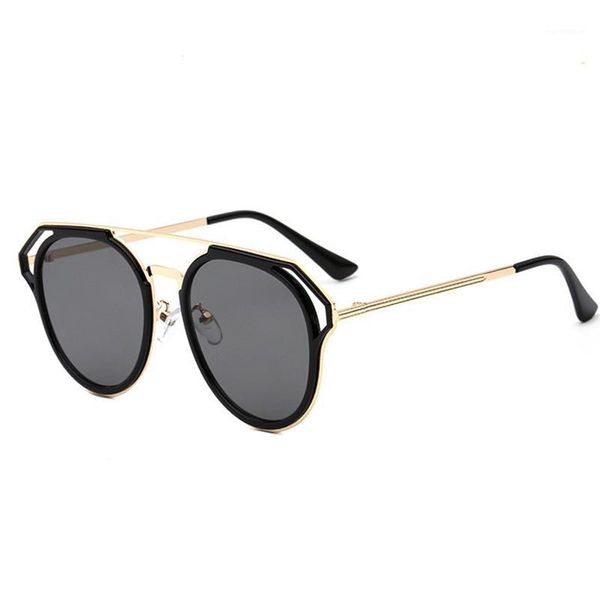 new brand designer cat eye sunglasses women vintage metal reflective glasses for women mirror retro gafas1, White;black
new brand designer cat eye sunglasses women vintage metal reflective glasses for women mirror retro gafas1, White;black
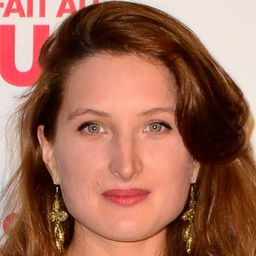 茱莉亞·皮雅頓 飾演 Sophie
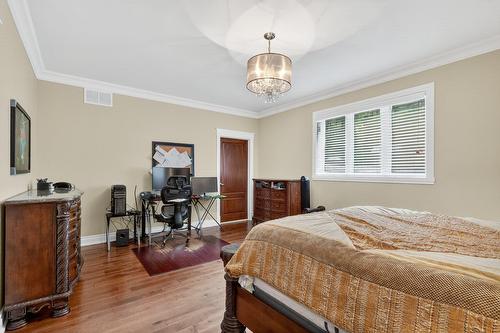 Chambre à coucher - 90 Ch. Des Renards, Rigaud, QC - Indoor Photo Showing Bedroom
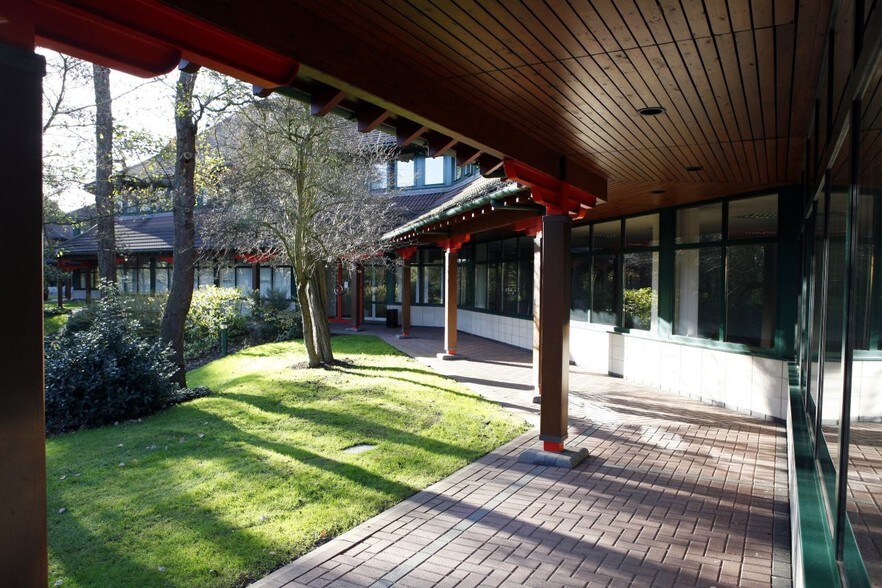 More Photos Of 4200-4520 Solihull Pky, Birmingham Coworking Space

TASK ITEM - Repeat the data above in full and exactly. Omit every image.

EXERCISE ANSWER -
 new brand designer cat eye sunglasses women vintage metal reflective glasses for women mirror retro gafas1, White;black
new brand designer cat eye sunglasses women vintage metal reflective glasses for women mirror retro gafas1, White;black
 茱莉亞·皮雅頓 飾演 Sophie
 Chambre à coucher - 90 Ch. Des Renards, Rigaud, QC - Indoor Photo Showing Bedroom
 More Photos Of 4200-4520 Solihull Pky, Birmingham Coworking Space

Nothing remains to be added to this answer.